While confessing that he has a lot to learn about city policies and politics, a couple of issues immediately rose to the surface as motivation to get involved.
“I would really like to see more recreation programs for kids, and I’d like to keep costs down so that any kid can participate,” Ogden said.
Ogden said he would also like to see a larger police presence in Ogden “as a deterrent” to illicit drugs.
“If you get someone who is addicted, they’ll do anything to get it — and that creates a lot of crime,” Ogden said. “So that has to be an ongoing fight.”
Lopez, 37, immigrated form Guadalajara, Mexico, at age 19. At that time, he could not speak English. Now armed with both a Bachelors and Masters degree, he directs Weber State University’s Community Education Center and serves on an array of board and committees.
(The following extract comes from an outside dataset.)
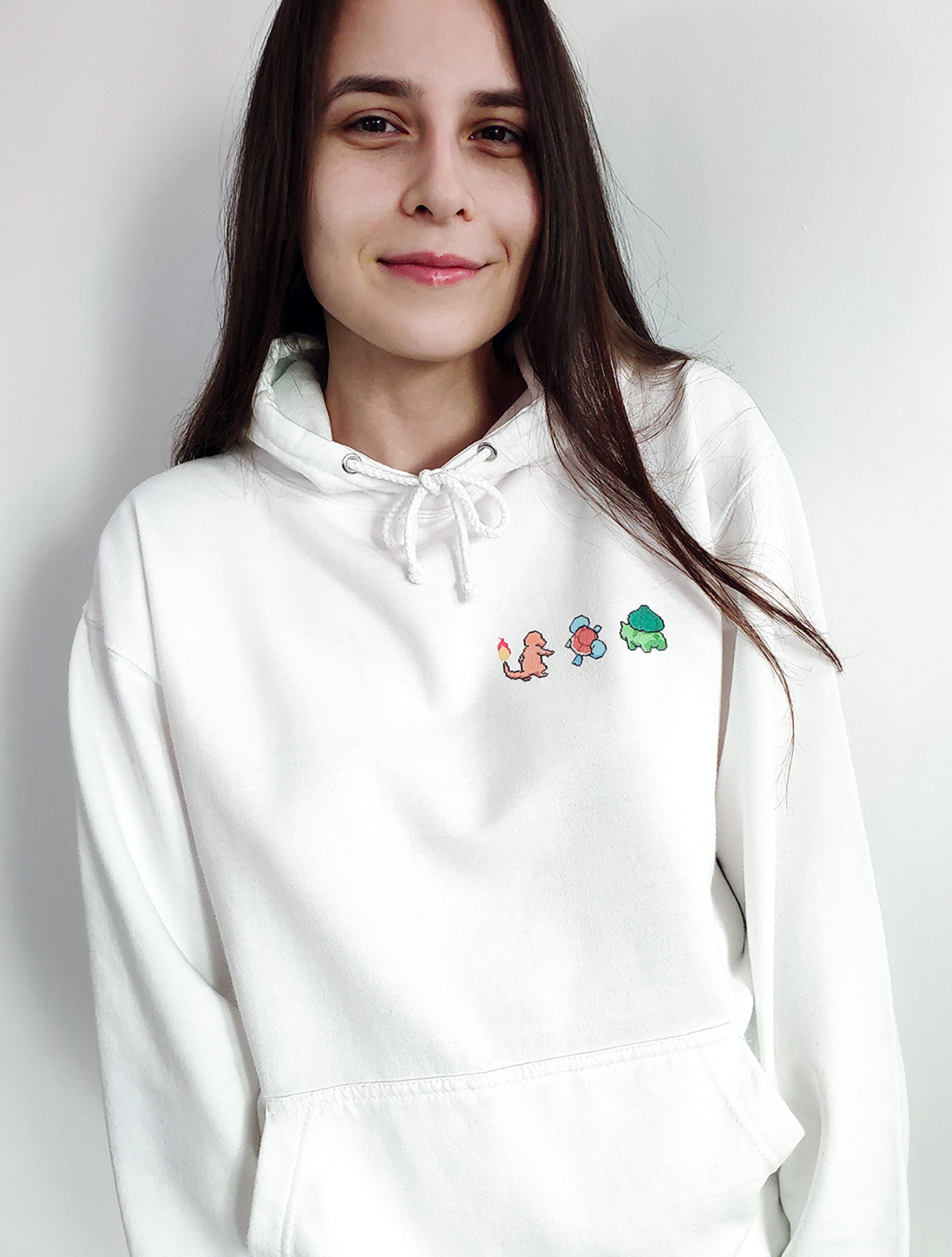 UNISEX HOODIE / PKM GEN1 STARTERS POCKET DESIGN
He also founded and heads up Latinos United Promoting Education and Civic Engagement (LUPEC).
“It’s part of who I am, I want to serve,” Lopez said in an earlier interview. “I’ve always had the idea to run for office, it’s one of my passions.”
His campaign finance report showed broadbased support, with about 60 donations that ranged in size from $20 to $1,250.
“Our campaign is very proud of the fact that we raised so much, but also that out of the $10,240, not a single contribution hit the $1,500 maximum,” said Oscar Mata, Lopez’s campaign manager.
“We always knew that running in an entire at-large race was going to be tough, so our goal from March when we started was to first get past Aug. 11 and then move on to Nov. 3,” Mata said.
And while they believe they put everything in place to be successful, Mata said the 11-vote margin separating Lopez and Ogden drove home the need to “keep up the work, keep on knocking on doors, making phone calls and putting up signs.”
For Ogden, he intends to step up his presence on social media, get out and talk to people in the city’s diverse neighborhoods and “really find out what’s going on.”
“I don’t have a plan to get a bunch of contributions,” Ogden said. “I just want to get out and talk to people.